7 Ways To Foster Your Emotional Intelligence

According to Emotional Intelligence (EI) expert and author Harvey Deutschendorf, “the realization that E.I. has become an important predictor of job success, even surpassing technical ability, has been growing over the past number of years”.

Companies are placing a high value on E.I. in new hires for many important reasons. People with high E.I. understand and cooperate with others, they are exceptional listeners, open to feedback, have more empathy, and make thoughtful and thorough decisions.

In work, we all regret a time when we have all reacted too quickly to a situation or person and not given ourselves enough time to breathe, think and work out the best possible response. The good news is that we can all work on our level of EI – we can all become more emotionally intelligent and less volatile in the workplace (and in life generally)

Here are a few simple tricks to help you on your way

1.   Pause.
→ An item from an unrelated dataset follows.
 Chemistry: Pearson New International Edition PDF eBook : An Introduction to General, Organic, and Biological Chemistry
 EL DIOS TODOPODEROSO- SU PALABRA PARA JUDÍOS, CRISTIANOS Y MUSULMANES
Acknowledge your thoughts and feelings. Clear your mind.

After pausing and acknowledging your emotions, your mind will already feel much clearer. Nehad Tadros

2.   Breathe

Set aside two minutes – relax and breathe deeply. Then write down a couple of potential solutions to your problem.

3.   Focus on what you can change

When you hit a setback, separate the parts of the situation you can control or influence from the parts you cannot. Focus on what you can influence, and notice how much more confident you feel about overcoming the setback. Dawn Cook

4.   Be Friendly and open and smile

Chat to people, smile, ask them how they are and listen to the answer. Be naturally engaged.
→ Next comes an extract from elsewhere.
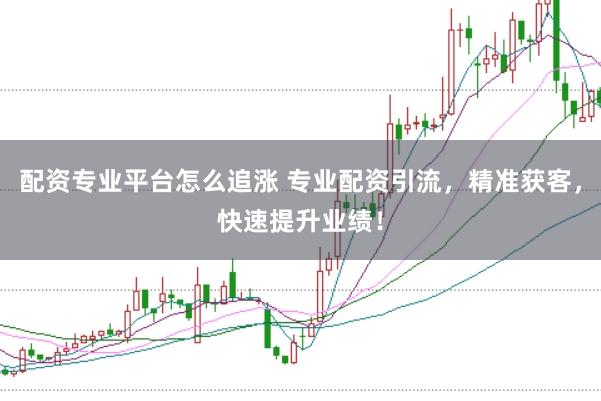 配资专业平台怎么追涨 专业配资引流，精准获客，快速提升业绩！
5.   Find something impossible to do and practice it

It sounds corny, but it’s a profound mental switch. Just try saying, “I can’t,” and then “I can’t yet” – the emotional experience is dramatically different. The first is a wall. The second, a door. Joshua Freedman

6.   Be Open and Honest

Create opportunities to informally share what you feel and ask for feedback. This may seem daunting at first particularly if you are naturally reserved person but with practice is will become more natural and hopefully put you in a happier and more relaxed space.

7.   Be self-aware

I think it is very important to be able to acknowledge the areas in which you are weak and not be scared to verbalise it. You would be surprised how happy people are to give you a dig out and assist when you ask.

From time to time, I forget to follow my own best advice and go onto regret it later. However, the good news is that I really want to and enjoy trying to improve upon my skills in the whole area of EI. Realistically, it is always going to be a work in progress for me but hey-ho honesty is always the best policy!

Looking forward to hearing your thoughts on ways you too can foster emotional intelligence!